==== Information

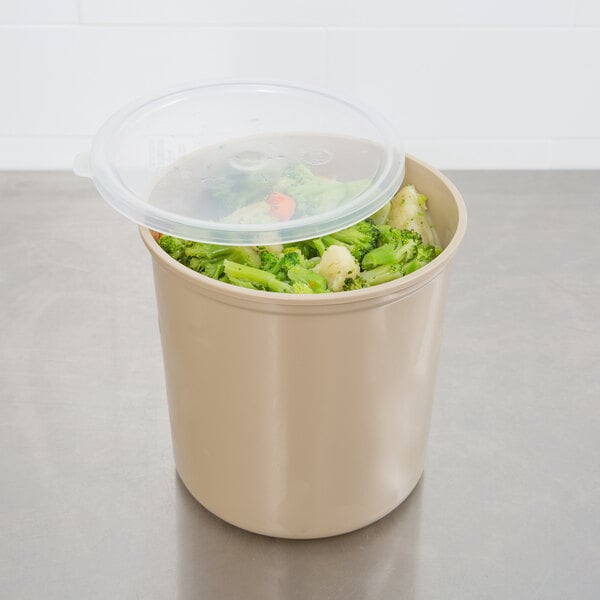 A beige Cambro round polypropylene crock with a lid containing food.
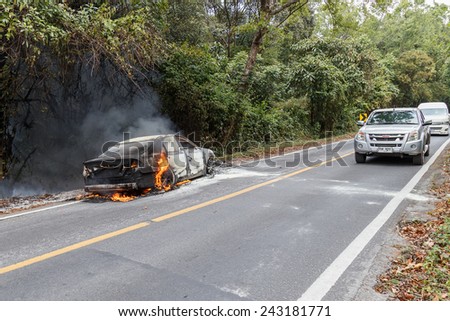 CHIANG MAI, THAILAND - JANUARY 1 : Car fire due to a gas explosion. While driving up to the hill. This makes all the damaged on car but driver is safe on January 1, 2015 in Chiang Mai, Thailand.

========
==== Information

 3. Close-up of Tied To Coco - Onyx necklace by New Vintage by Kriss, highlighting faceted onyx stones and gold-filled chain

========

Your goal:
Please print the lines above word for word, starting at the one with "A beige Cambro" and ending at the one with "CHIANG MAI, THAILAND - JANUARY", both included, and without any picture.

Answer to this exercise:
 A beige Cambro round polypropylene crock with a lid containing food.
 CHIANG MAI, THAILAND - JANUARY 1 : Car fire due to a gas explosion. While driving up to the hill. This makes all the damaged on car but driver is safe on January 1, 2015 in Chiang Mai, Thailand.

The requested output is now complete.